Pursuant to this agreement the insurance can be cancelled or revoked.  The insurance might be revoked if the Lawyers Insurance Fund (the department of the Law Society that manages lawyers’ insurance) becomes aware that the required records are not being maintained by a program, if the program appears to be providing legal services that are not sanctioned services, or if there appears to be an inordinate number of claims against lawyers providing pro bono legal services through a particular program.

Approved Programs as of January 1, 2015


For information on how to become an Approved Program for the provision of sanctioned pro bono legal services (as listed below), please contact APB at or 604-629-9666. 

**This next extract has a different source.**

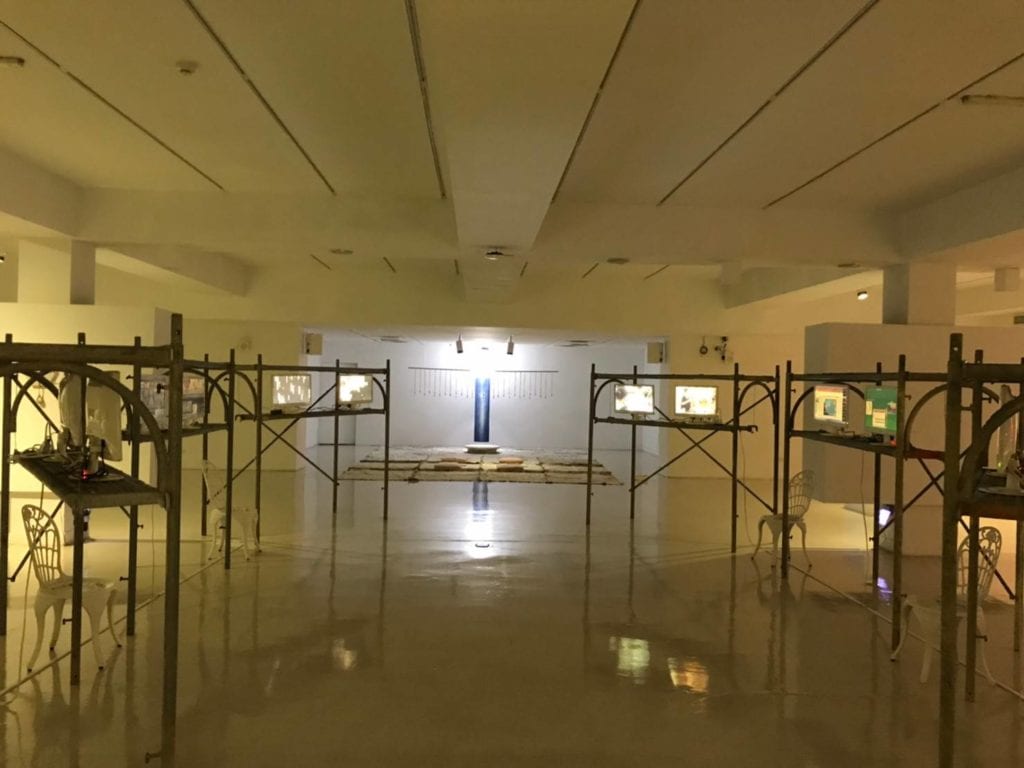 地下一樓展場展出藝術家與工作坊學員作品。(圖/鍾孟君攝)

Approved Services since July 31, 2004

Pro bono legal services approved for the purposes of the BC Lawyers’ Compulsory Professional Liability Insurance Policy by the Law Society (“Approved Services”) effective September 1, 2002.

If services* are provided in any of the following areas:

  • Contract (includes consumer law);
  • Constitutional Law;
  • Criminal (includes criminal defence, Young Offenders Act, criminal injury and victim assistance);
  • Defamation;
  • Debts & Collections (includes foreclosures, builders liens);
  • Employment Law (includes employment insurance, harassment);
  • Family & Child Law (includes divorce, child welfare, adoptions)
  • Health, Disability & Social Assistance (includes mental health and adult guardianship, workers compensation, income maintenance);
  • Human Rights (includes police complaints, prisoners’ rights);
  • Immigration
  • Taxation & GST;
  • Insolvency/Bankruptcy;
  • Insurance;
  • Housing;
  • Pension & Benefits (includes CPP/OAP/BC Benefits);
  • Torts/Negligence;
  • Wills & Estates;
  • Professional Services Complaints;
  • Name Changes;
  • Notarizing or Taking Affidavits**;


they are Approved Services, unless they relate in any fashion to:

  • Estate (tax) planning or trusts set up for tax purposes***;
  • Environmental Law;
  • Native land or other Native property claims; or
  • Defence or prosecution of class or representative actions.


If services are provided in an area of law that is either not listed or is specifically excluded, they are not Approved Services.

* The services may relate to or consist of substantive or procedural law, summary advice, solicitors’ or litigators’ work, transactional services or administrative law.

** Only if the lawyer providing the services is a practising lawyer, as only practising lawyers are entitled to exercise the power of a Notary or take affidavits.

*** Includes services relating to tax-driven wealth management plans, but not tax advice incidental to advising on simple wills and estates.